Governo gasta R$20 milhões para atacar servidores retratando privilégios que não existem


Numa campanha que teria custado R$20 milhões aos cofres públicos, o governo ilegítimo de Michel Temer ataca o que chama de “privilégios” de servidores federais numa tentativa de conseguir apoio da sociedade para aprovar a Reforma da Previdência e retirar mais direitos da classe trabalhadora. A campanha parece tentar dividir a sociedade a partir de mudanças anunciadas no texto da reforma e que afetam principalmente servidores federais. Sem citar diretamente que se trata de um ataque à categoria, o governo age de forma leviana tentando incutir no imaginário popular a tese de que privilégios que não existem precisam acabar. Os argumentos usados não retratam a realidade da maioria dos servidores civis do Executivo. A Condsef/Fenadsef repudia essa tentativa desesperada de aprovar mais uma reforma nefasta a partir de ilações e mentiras.

Entre os argumentos sustentados na campanha está a tese de que o servidor ganha muito, trabalha pouco e se aposenta cedo. Dados do próprio governo desmentem e jogam essa tese por terra. Pelo Boletim Estatístico de Pessoal do Ministério do Planejamento é possível verificar que quase a metade dos servidores do Executivo (48%) tem salários entre R$1.263 e R$6.500, estando, portanto, abaixo ou muito próximos do teto já estabelecido pelo Regime Geral da Previdência de R$5.531,31. Quanto ao trabalhar pouco, a Condsef/Fenadsef relembra que o próprio governo já apontou necessidade de abertura de mais de 200 mil novos concursos necessários para repor força de trabalho no Executivo.

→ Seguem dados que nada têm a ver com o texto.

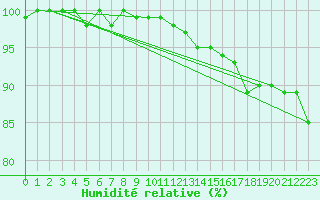 Courbe de l'humidit relative pour Triel-sur-Seine (78)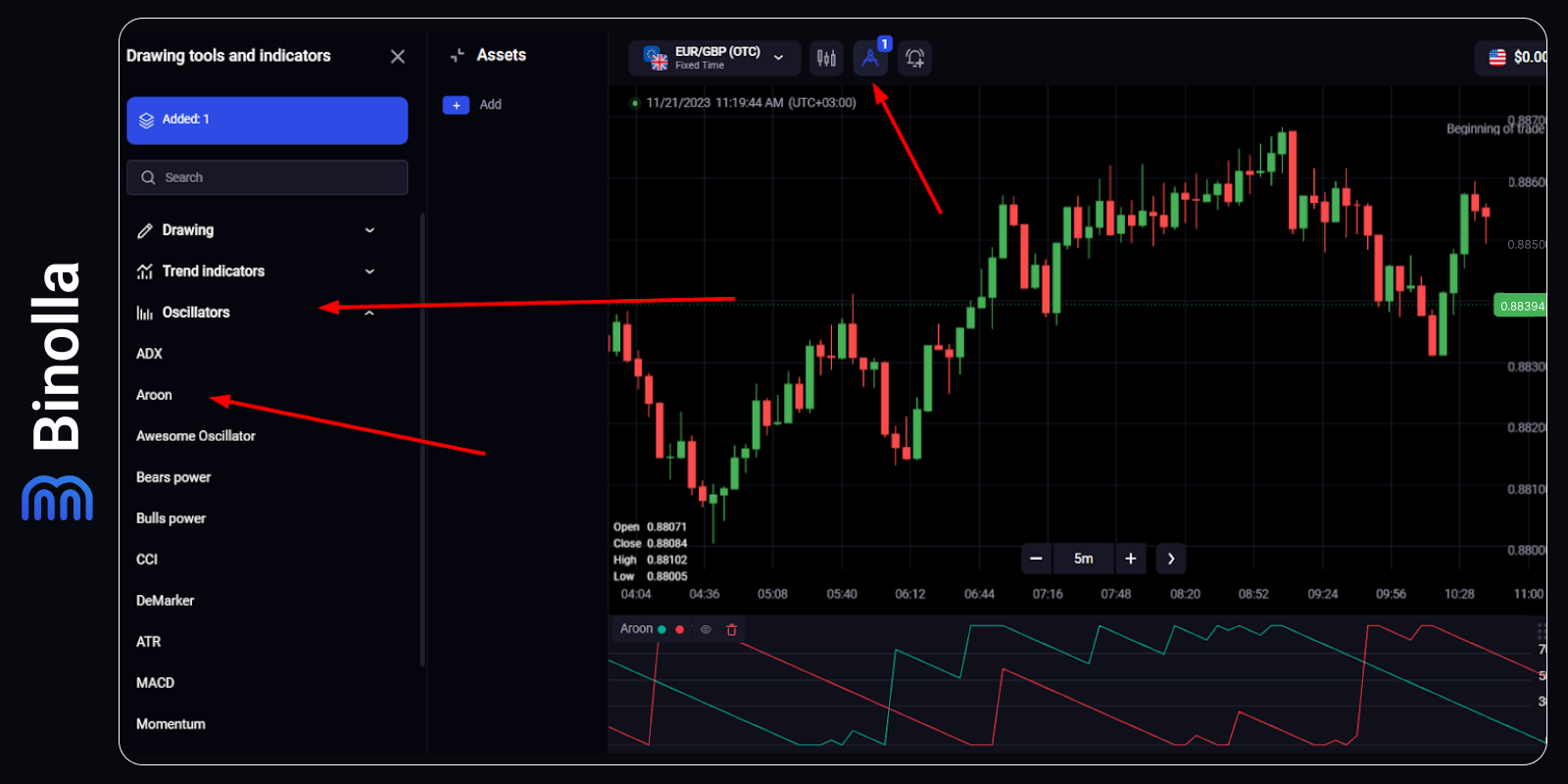 Aroon Indicator: How to Apply It to Your Trading Strategies – Binolla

Com a Emenda Constitucional (EC) 95/16 que congela investimentos públicos pelos próximos 20 anos não fica difícil imaginar que ao contrário do que a propaganda faz pensar, cada servidor hoje precisaria trabalhar o equivalente a 3 pessoas para dar conta das demandas de atendimento público. Isso, como se sabe é impossível o que gera o colapso no serviço público que tende a piorar caso não se revogue imediatamente a EC 95 e se crie políticas de fato eficazes para a recomposição do setor público.

Outro argumento falacioso da campanha sugere que servidores se aposentam cedo. No entanto, a campanha omite que o Regime Próprio de Previdência Social já passou por sete reformas que ao longo desse tempo igualaram as condições de aposentadoria por idade dos servidores e trabalhadores da iniciativa privada. Portanto, não cabe generalizar já que hoje a regra de aposentadoria por idade é a mesma para todos.


Unidade é essencial

Para reverter esse quadro de ataques, a classe trabalhadora não pode se deixar levar por tentativas de divisionismo como as que se observam claramente nessa campanha. A unidade e a mobilização de todos são essenciais para impedir que ataques e retiradas de direitos históricos continue sendo conduzida por um governo sem voto que tem conquistado apoio parlamentar a partir do uso de bilhões em recursos públicos. É preciso dar um basta.

Na próxima semana, servidores reunidos nos principais fóruns de federais (Fonasefe e Fonacate) estarão em Brasília para uma semana de atividades com grande caravana no dia 28 em defesa dos serviços públicos. Além disso, as entidades devem entregar um memorial no Supremo questionando a constitucionalidade da EC 95/16 que engessa o setor público negando acesso e atendimento público de qualidade à população que dele depende e tem direito. A Condsef/Fenadsef participa de todas essas atividades e segue na linha de frente em defesa dos direitos da classe trabalhadora e por serviços públicos dignos para os brasileiros.